Public Good arguments are often used by proponents of government intervention in the economy to justify their arguments. They use it to justify government intervention in education, health care, utilities, the Internet, etc. But these arguments do not hold up. To know why, we must first discuss what exactly a public good is.
A public good is a good/service that is non-rival (one’s consumption doesn’t prevent someone else from consuming it) and non-excludable (one cannot prevent another from enjoying the resource). Fireworks are the textbook example of a public good. If a person shoots off fireworks, he cannot reasonably prevent people from watching them. Likewise, each person’s ability to enjoy the firework show doesn’t inhibit anyone else’s ability to enjoy the show. National defense is another example.

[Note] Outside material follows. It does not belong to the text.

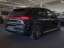 Mercedes-Benz EQE SUV 4MATIC AMG Line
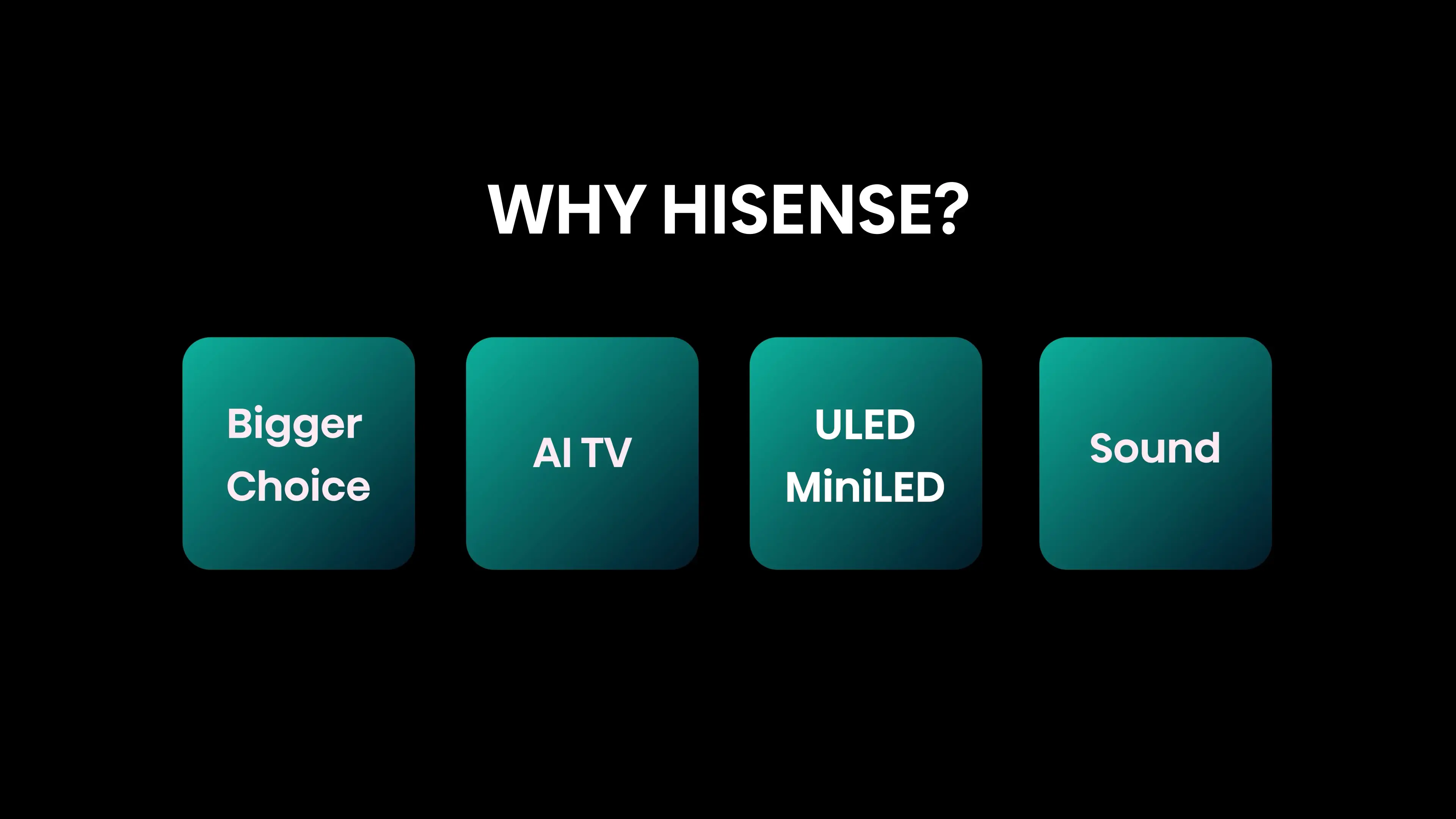why-hisense-tv-video.webp why-hisense-tv-video.webp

With public goods, one tends to get the free rider problem. People can benefit from the good/service without paying (think, for example, a person who watches the fireworks show from his porch rather than buying a ticket to the field). This can cause too few of the public good to be produced even if there is ample demand. Government can step up to provide the good (and, in many cases, this is a legitimate function of government. Police and national defense come readily to mind).
So, why don’t other things, like medical care or education fit this bill? Simply because they are not public goods. Medical care is both rival and excludable (one person’s “consumption” of a doctor’s time prevents another from consuming it) and excludable (a doctor can turn away patients). Education is similar, although it is just excludable.
In conclusion, there may be other arguments for medical care and education to be supplied by government, but public good analysis isn’t one of them.